WASHINGTON: US Secretary of Energy Chris Wright has clarified that the nuclear tests ordered by President Donald Trump will not currently include actual nuclear explosions, easing global concerns that followed the president’s announcement.
The clarification comes after President Trump indicated he had ordered a resumption of nuclear explosions after a 33-year pause.
In an interview with Fox News, Wright, who heads the agency responsible for the US nuclear arsenal, stated that the tests being discussed are “system tests,” according to a Reuters report.
“I think the tests we’re talking about right now… are not nuclear explosions,” Wright said. “They’re what we call non-critical explosions.”
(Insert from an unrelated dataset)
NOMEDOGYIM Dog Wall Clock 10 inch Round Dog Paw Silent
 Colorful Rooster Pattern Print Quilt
He explained that these tests involve checking all the other components of a nuclear weapon to ensure they are functioning correctly and can properly activate the capacity for a nuclear detonation.
The Secretary added that these tests would be conducted under a new system to ensure that newly developed replacement nuclear weapons are “better than the old ones.”
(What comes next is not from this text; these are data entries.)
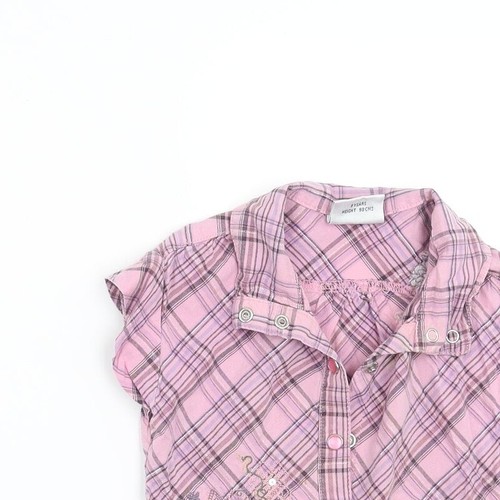 NEXT Girls Purple Check Cotton blend Blouse Size 3 Years - Embro - Picture 5 of 12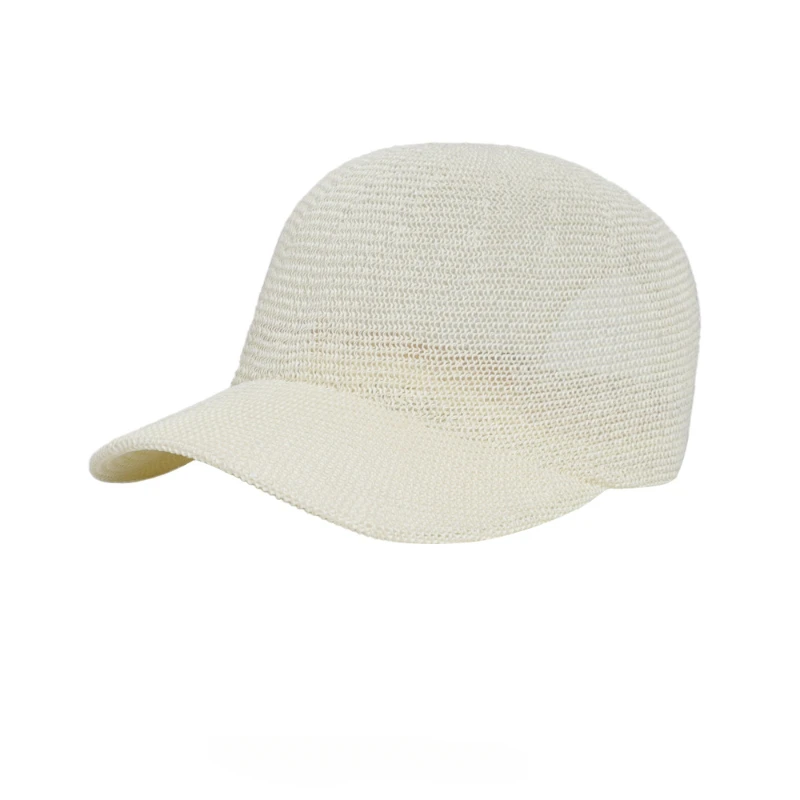 Cappello di paglia traspirante per le donne, cappello a becco d'anatra con protezione solare estiva, berretto da baseball sottile, casual e alla moda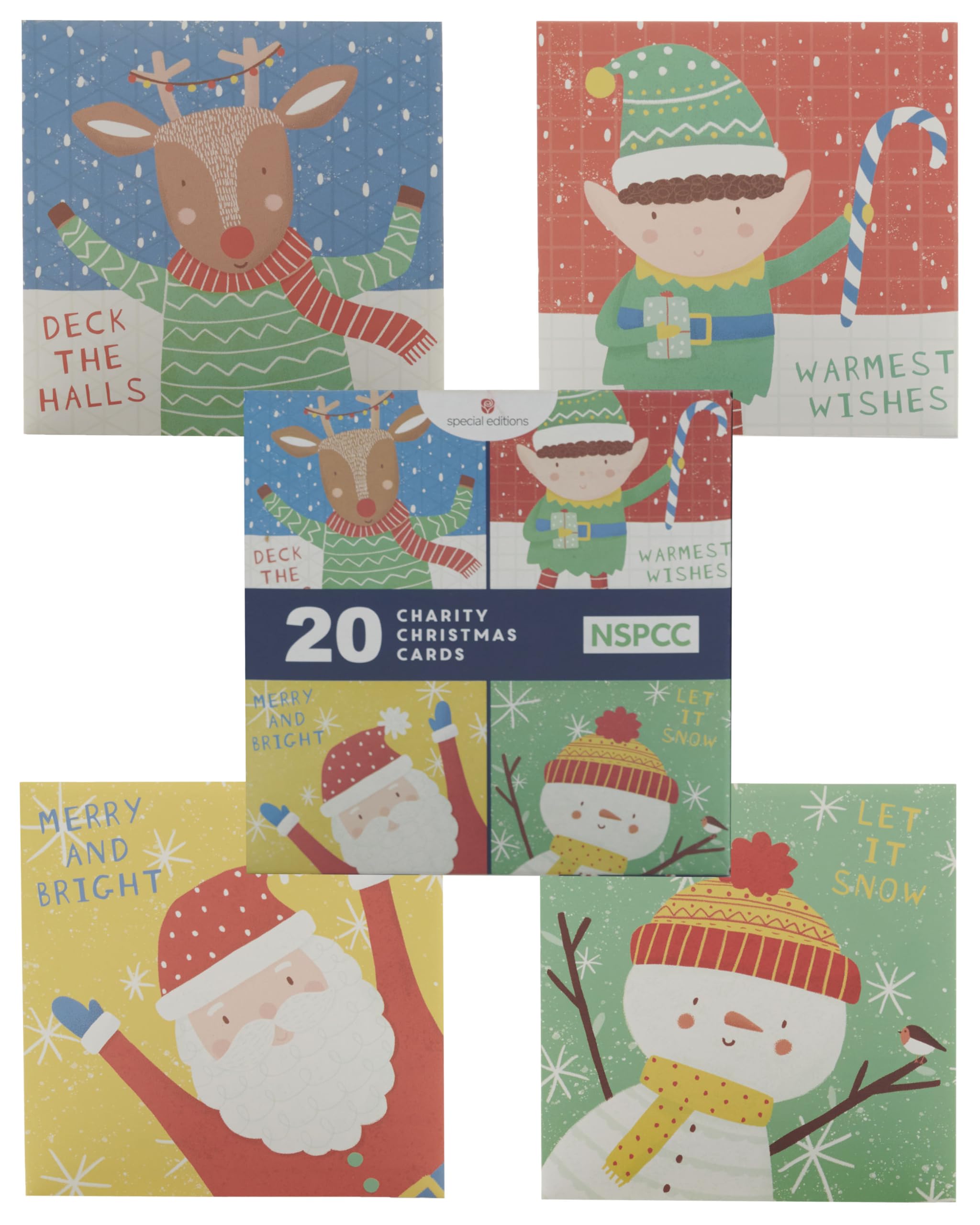 UK Greetings Caja de 20 tarjetas de Navidad NSPCC de dibujos animados de Papá Noel y amigos en 4 diseños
“With our science and computing power, we can… determine with extreme precision exactly what will happen in a nuclear explosion,” Wright explained. “And we can now test… what the consequences are when bomb designs are changed.”
Previously, President Trump had stated just before a meeting with Chinese President Xi Jinping in South Korea that he had given an “immediate order” for the US military to resume nuclear weapons explosions.
However, when Trump was asked if these tests would include the underground nuclear detonations common during the Cold War era, he did not give a clear “no.” The US previously conducted nuclear explosions throughout the 1960s, 70s, and 80s.